Proof. We shall prove the implications (1) \(\implies\) (2) \(\implies\) (3) \(\implies\) (1).
(1) \(\implies\) (2). We assume that \(\mathcal{W} = \mathcal{U} \oplus \mathcal{V}\) . If \(z = \langle x, y \rangle\) lies in both \(\mathcal{U}\) and \(\mathcal{V}\) , then \(x = y = 0\) , so that \(z = 0\) ; this proves that \(\mathcal{U} \cap \mathcal{V} = \mathcal{O}\) . Since the representation \(z = \langle x, 0 \rangle + \langle 0, y \rangle\) is valid for every \(z\) , it follows also that \(\mathcal{U} + \mathcal{V} = \mathcal{W}\) .
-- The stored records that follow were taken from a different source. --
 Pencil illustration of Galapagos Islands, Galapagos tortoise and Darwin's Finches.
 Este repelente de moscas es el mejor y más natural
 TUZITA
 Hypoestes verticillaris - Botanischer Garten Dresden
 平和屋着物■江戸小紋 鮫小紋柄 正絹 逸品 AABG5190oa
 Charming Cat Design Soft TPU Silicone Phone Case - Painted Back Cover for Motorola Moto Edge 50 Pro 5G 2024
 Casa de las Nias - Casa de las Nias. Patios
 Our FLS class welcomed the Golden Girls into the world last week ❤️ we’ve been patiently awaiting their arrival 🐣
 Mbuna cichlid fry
(2) \(\implies\) (3). If we assume (2), so that, in particular, \(\mathcal{U} + \mathcal{V} = \mathcal{W}\) , then it is clear that every \(z\) in \(\mathcal{W}\) has the desired representation, \(z = x + y\) . To prove uniqueness, we assume that \(z = x_1 + y_1\) and \(z = x_2 + y_2\) , with \(x_1\) and \(x_2\) in \(\mathcal{U}\) and \(y_1\) and \(y_2\) in \(\mathcal{V}\) . Since \(x_1 + y_1 = x_2 + y_2\) , it follows that \(x_1 - x_2 = y_2 - y_1\) . Since the left member of this last equation is in \(\mathcal{U}\) and the right member is in \(\mathcal{V}\) , the disjointness of \(\mathcal{U}\) and \(\mathcal{V}\) implies that \(x_1 = x_2\) and \(y_1 = y_2\) .
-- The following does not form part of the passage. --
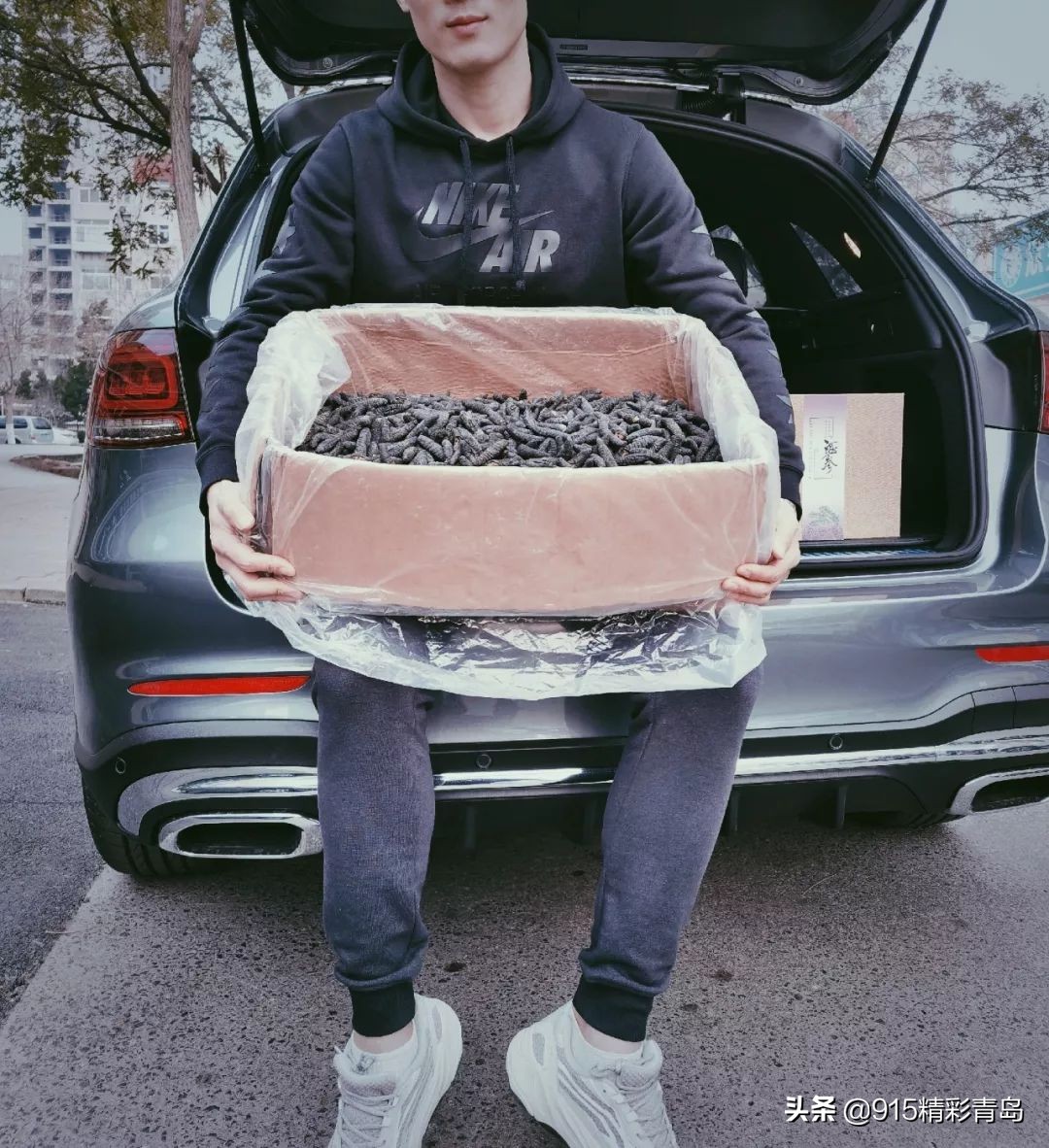 中国最好的海刺海参,黄金刺参西沙群岛深海纯野生海参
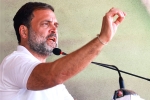 Rahul Gandhi new constituency, Rahul Gandhi new constituency, rahul gandhi to contest from wayanad, Thiruvananthapuram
(3) \(\implies\) (1). This implication is practically indistinguishable from the definition of direct sum. If we form the direct sum \(\mathcal{U} \oplus \mathcal{V}\) , and then identify \(\langle x, 0 \rangle\) and \(\langle 0, y \rangle\) with \(x\) and \(y\) respectively, we are committed to identifying the sum \(\langle x, y \rangle = \langle x, 0 \rangle + \langle 0, y \rangle\) with what we are assuming to be the general element \(z = x + y\) of \(\mathcal{W}\) ; from the hypothesis that the representation of \(z\) in the form \(x + y\) is unique we conclude that the correspondence between \(\langle x, 0 \rangle\) and \(x\) (and also between \(\langle 0, y \rangle\) and \(y\) ) is one-to-one. ◻
If two subspaces \(\mathcal{U}\) and \(\mathcal{V}\) in a vector space \(\mathcal{W}\) are disjoint and span \(\mathcal{W}\) (that is, if they satisfy (2)), it is usual to say that \(\mathcal{W}\) is the internal direct sum of \(\mathcal{U}\) and \(\mathcal{V}\) ; symbolically, as before, \(\mathcal{W} = \mathcal{U} \oplus \mathcal{V}\) . If we want to emphasize the distinction between this concept and the one defined before, we describe the earlier one by saying that \(\mathcal{W}\) is the external direct sum of \(\mathcal{U}\) and \(\mathcal{V}\) . In view of the natural isomorphisms discussed above, and, especially, in view of the preceding theorem, the distinction is more pedantic than conceptual. In accordance with our identification convention, we shall usually ignore it.